Brunswick area state Sen. Jeff Chapman surprised some folks this week when he threw his hat into the ring for the Georgia governor’s race.
He’s the seventh Republican to announce, and there are five Democrats, a Libertarian and a handful of folks who have filed paperwork to run but haven’t shown any significant fundraising or other signs of campaign life.
But Chapman said he felt like he needed to get involved. He’s in his sixth year at the legislature and is perhaps best known for taking on state leaders and powerful business interests over the remake of Jekyll Island.
“With all due respect, I can do a better job representing the people’s interest (than the current candidates),” Chapman said Friday.
Chapman recently wrote a piece on state water usage, calling for a more aggressive push to fix leaky pipes in the metro Atlanta area, state tax credits to help people retrofit their homes with more efficient appliances and a review of existing reservoirs and dams to make sure they’re providing as much water as they can.
“We can run out and say, ‘We need to start digging holes in the ground’ (for new water storage),” Chapman said Friday. “But that takes years. ... You land the planes closest to the airport first.”
Chapman is a former Glynn County commissioner and has been a major advocate for Jekyll Island, which the state is helping a private developer remake with a $50 million state bond issue. Chapman has complained about a lack of openness in that process and pushed back against the need for public funding.

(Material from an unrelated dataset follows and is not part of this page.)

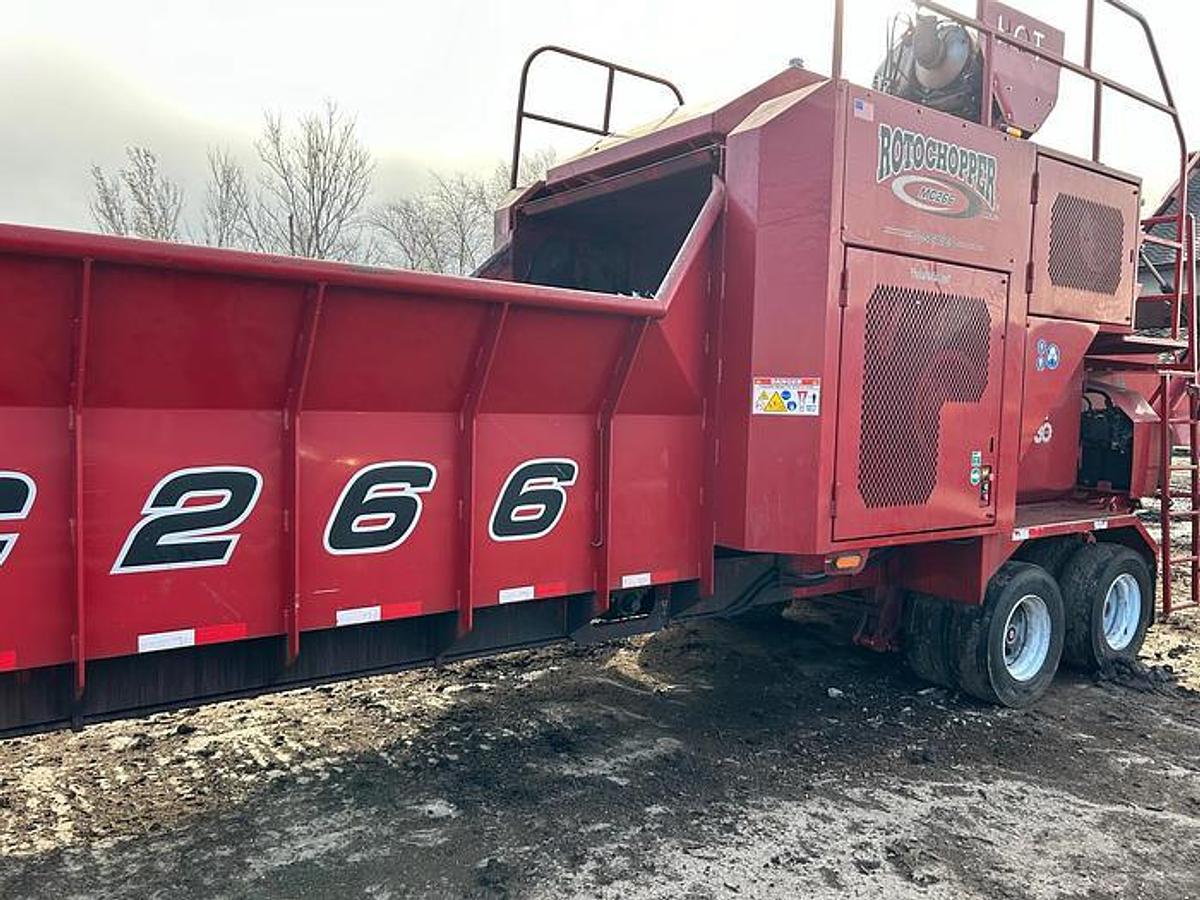 2020 RotoChopper MC-266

Said Chapman: “That same line of thinking (I used on the Jekyll Island deal) I would use on all issues: Accountablity. Openness of government. Fairness.”
...A few other things:
Sen. Chapman said this isn't an attempt to screw up Eric Johnson's campaign, which I imagine some folks will assume. He also resisted my labeling him "the environmentalist Republican" in the race. He said he's a "Teddy Roosevelt conservationist."
He mentioned that his grandfather, when he was in the military, would shower by getting wet, then turning off the water to soap up, then turning it back on to rinse off.
"I've been showering like that since I was 8 years old," he said.